→ **GIVEN INFORMATION**:
== == ==

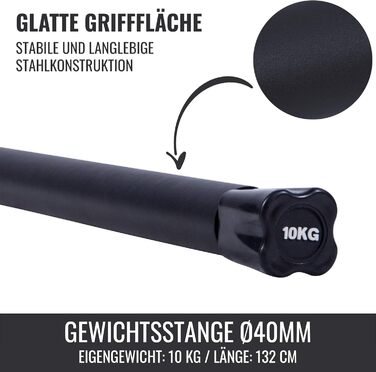 GORILLA SPORTS® Гантельна штанга гумова 1-10 кг, сталева, нековзка, для аеробіки та силових тренувань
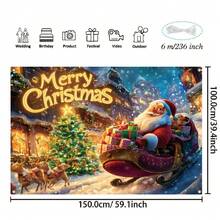 1 件，圣诞节聚酯纤维横幅，有趣的圣诞老人雪橇之旅礼物递送，节日冬季风景派对氛围，户外节日家庭花园装饰，摄影道具，适合一般场合，无需电力，无羽毛 -，圣诞节 - 多色 - 查看 2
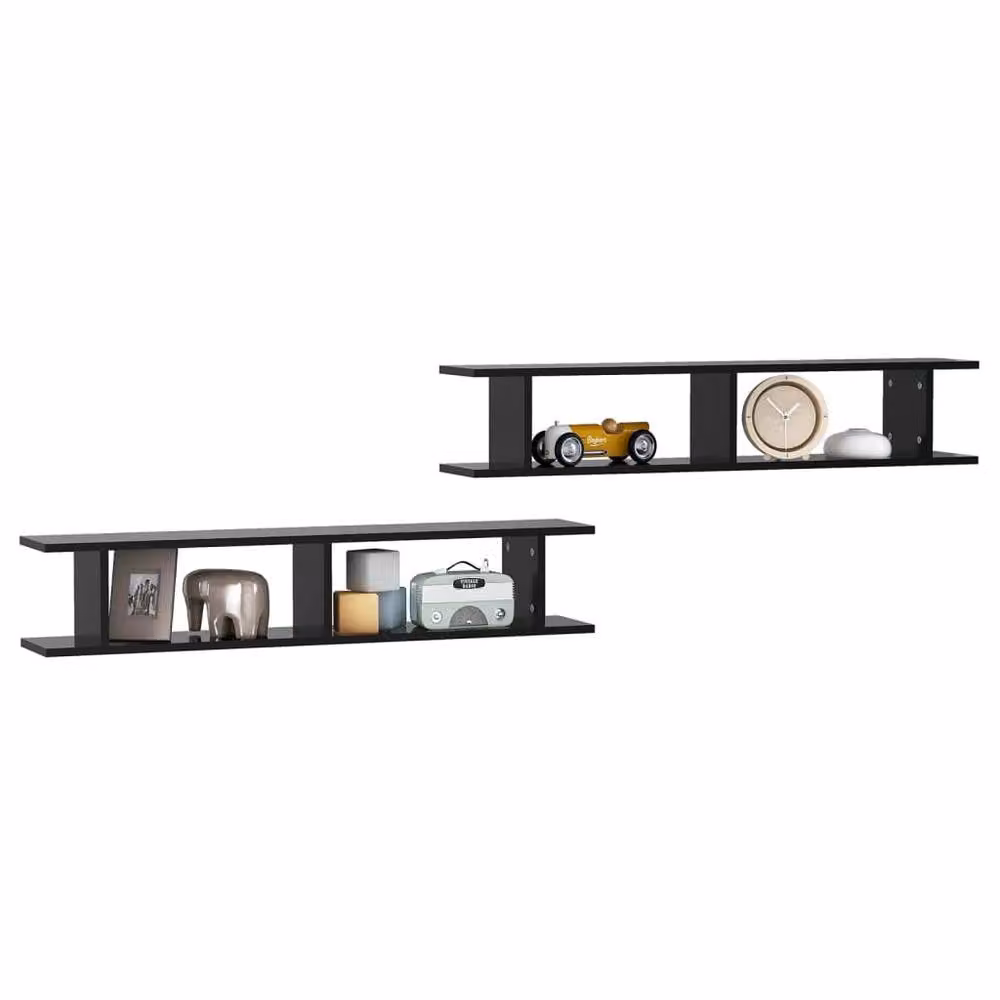 Berkfield Home Set of 2 Black Wall Mounted Cube Shelves in Engineered Wood, W: 105 cm, D: 20 cm, H: 20 cm – 3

== == ==

Leaving the pictures aside, transcribe the entire listing exactly.

→ **SOLUTION TO THE EXERCISE**:
 GORILLA SPORTS® Гантельна штанга гумова 1-10 кг, сталева, нековзка, для аеробіки та силових тренувань
 1 件，圣诞节聚酯纤维横幅，有趣的圣诞老人雪橇之旅礼物递送，节日冬季风景派对氛围，户外节日家庭花园装饰，摄影道具，适合一般场合，无需电力，无羽毛 -，圣诞节 - 多色 - 查看 2
 Berkfield Home Set of 2 Black Wall Mounted Cube Shelves in Engineered Wood, W: 105 cm, D: 20 cm, H: 20 cm – 3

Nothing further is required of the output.